“GOO!”

Bees are amazing creatures. They are perhaps the most disturbing as well. Not only do they excrete a substance to build their homes, when the colony wants to create a new queen the bees start excreting “royal jelly” and begin feeding it to the larva until it becomes the queen. There’s something very disturbing about this. I think it has to do with the “excretion”. The fact that the substance comes from within their fragile bodies kind of grosses me out. I guess I should be more weary of having a kid, where excretions are plentiful. If someone asked me for advice before having a kid, I’d tell them to cover everything they own in plastic.
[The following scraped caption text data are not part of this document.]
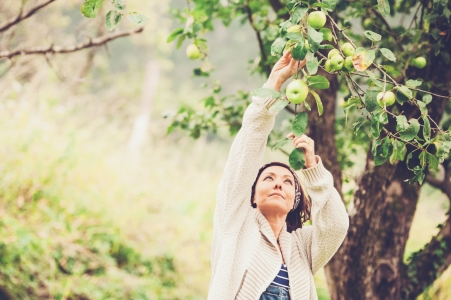 A Kavannah for Nisan: Finding the First Fruit Tree in You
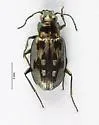 Bembidion zephyrum - photo 5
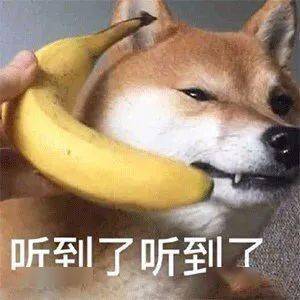 5d771c82f4364512b629c64566618968.jpeg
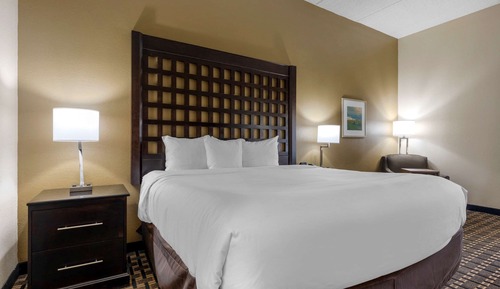 Suite, 1 King Bed with Sofa bed, Non Smoking
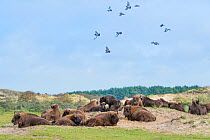 RF -European bison (Bison bonasus) herd resting with Rock pigeon (Columba livia) flock. Zuid-Kennemerland National Park, the Netherlands. Reintroduced species. (This image may be licensed either as ri...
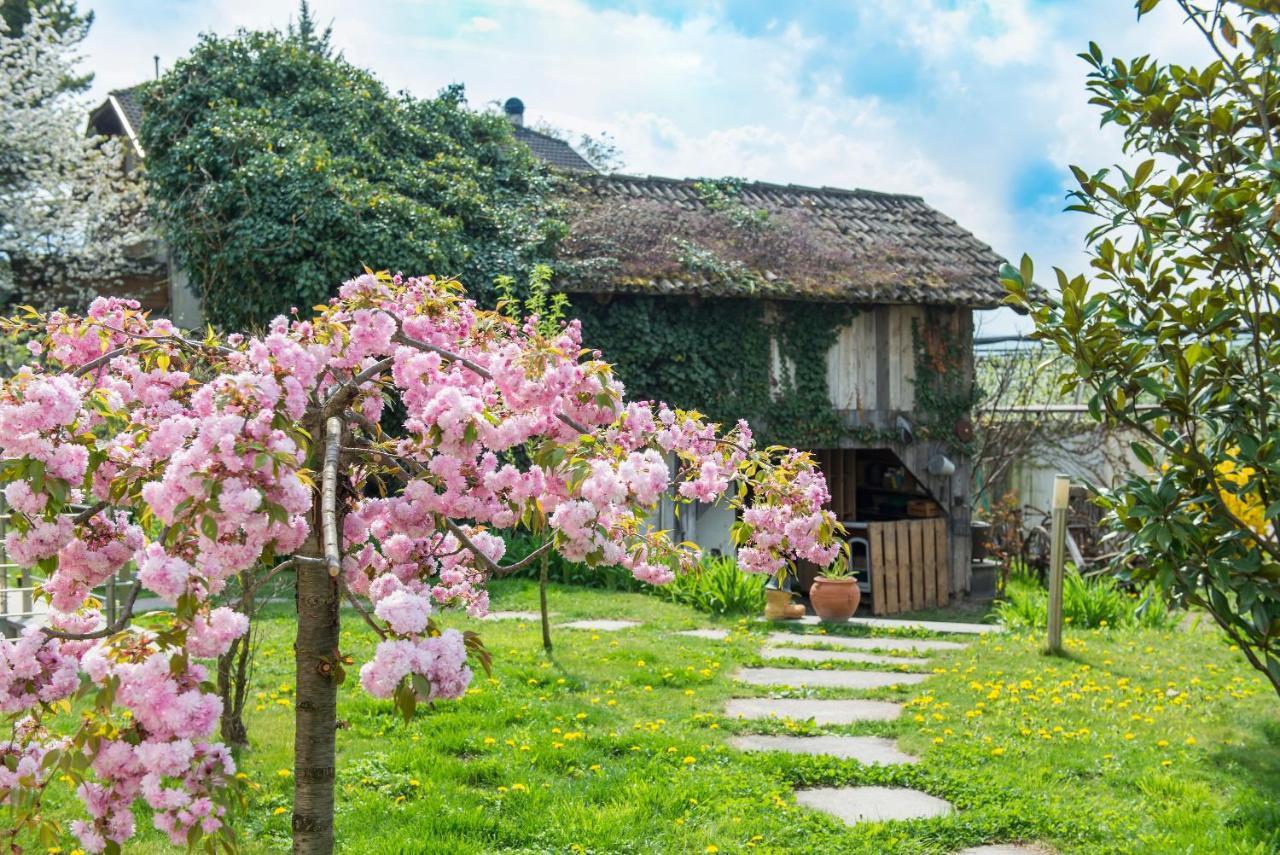 Villa Sonnenschein Terlano Luaran gambar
That way, when it gets covered in “something” they can just wipe the plastic off, or replace it. Trust me, everything you own will get “something” on it. The “something” will come either from within their little bodies (see “excretion”) or it will come from an outside force like food. Or vaseline. Recently, I decided to give my son a head cold. It was not an intentional gift and one that if I could produce a receipt for, I would surely take back. As adults, most of us have the know how of tissue use. Here’s a quick primer:

  1. Hold the tissue on the nose.
  2. Blow air through your nose removing the snot into the tissue.
  3. Throw the tissue away.

A one year old has none of this knowledge. So instead of mucas being safely deposited into the trash or toilet where it belongs, its everywhere. A nice thick crispy layer coats many of my shirts as well as my wife’s. A toddler however will  not limit the snot to only what’s on the body he’s so desperately clinging to. Because he has no knowledge of tissues or how to use them, Jude will take his tiny hands and conitunely wipe them over his nose and mouth area. First off, this motion spreads the mucas around the mouth area creating a very nice scale like effect over the entirety of the face. Second, because the hands are coated in a thick, slightly tinted green substance, everything the toddler touches will be coated as well. I was looking at the coffee table this morning and noticed a small hard area. Looking closer,  the area of the table looked like the top view of a trail map for a national park. “GOO!” Then there’s poop. You would think that by wearing a diaper poop would stay in one place. This is true for as long as the diaper is on. Jude is a very curious boy. When he’s laying on his back while we change his diaper he wants to know whats going on. If we’re not quick enough, he will grab the diaper (no matter what it’s filled with) and pull it up toward him. In his defense, he wants to know whats going on. He doesn’t realize that he’s grabbing a bag of poop and pulling it toward his face,  smearing the shit all over his body while I yell “Oh GOD!! NO! NO! NO!” Worst. Day. Ever.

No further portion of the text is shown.